【考えよう!キャリアデザイン】薬剤師には何ができる? [2]

2019年9月1日 (日)

薬学生新聞

キャリア・ポジション社長
西鶴 智香

西鶴智香氏

 薬剤師が国民医療費抑制に何ができるかについて、前号で看護学生が「国民はまず病院に行く前に薬局薬剤師に相談したらいい。軽症ならば市販薬を選べばいいし、症状の程度により病院に行くという選択をすればいい」という提案をしてくれたと紹介しました。こうなると必要以上に保険を使わなくてもいいですし、薬局薬剤師が今以上に仕事にやりがいを感じられるようにもなりますし、ぜひとも実現してほしいと思っています。

 しかし実際には多くの国民は、自分の体調に違和感を覚えた時にはまず医師のもとを訪ねます。どうしたら、医師より薬局薬剤師のもとへ相談に来てくれるようになるのでしょうか?

 一つは、薬代の保険適応を変える方法があります。市販薬として既に販売されている抗アレルギー薬や抗炎症湿布剤、漢方薬などを保険適応から外し、医師の診察料と薬代の自己負担額が市販薬の購入費より格段に高くなれば、国民の行動は変化するでしょう。

 ほかには「リフィル処方箋」を導入する方法があります。生活習慣病など比較的症状が安定している長期服薬患者には、医師ではなく薬剤師が指導するようになれば、薬の専門家としての薬剤師の存在はもっと意識されるようになります。

 ところで国民は「かかりつけで頼れる、相談したい薬剤師」をどうやって探せばいいのでしょうか。時々、処方箋を持ち込んだ「薬局」で?もしくは化粧品を買いに行くドラッグストアで?そもそも国民は、服薬法を伝えてくれる以外に薬剤師がどんなふうに自分の役に立つのかよく知らないから、「かかりつけ薬剤師」を見つけようとしていないのではないでしょうか。

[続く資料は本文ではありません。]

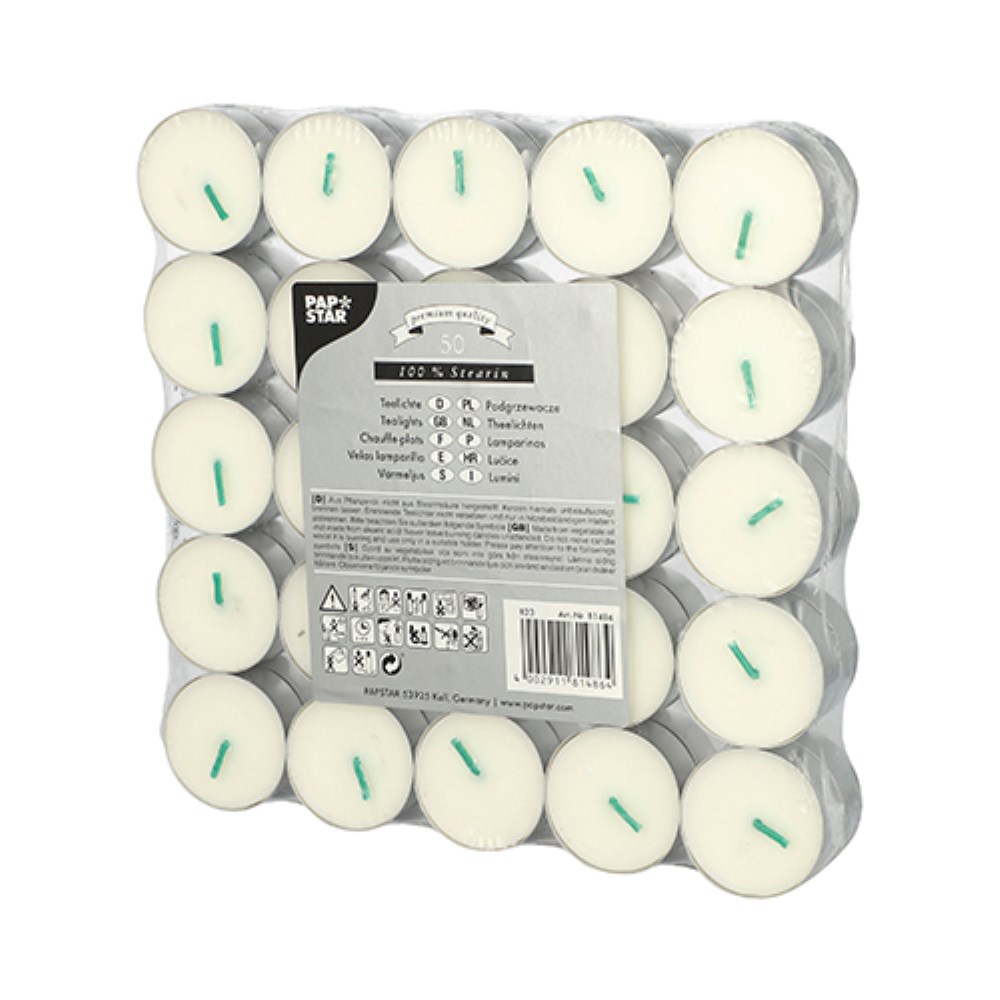 50 Teelichte Ø 37,2 mm · 15,5 mm weiss aus 100 % Stearin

 薬局薬剤師はもっと国民に対し「体調が気になれば、いつでも相談に乗りますよ」「いつでも来て下さいね」と常に声をかけ、「健康の相談員」として認知してもらうことが、最優先でやるべきことです。自分が薬剤師になったら「職業・薬剤師」のどこをどう変えたいか。学生の今から考えることが、自身のキャリアデザインにつながるはずです。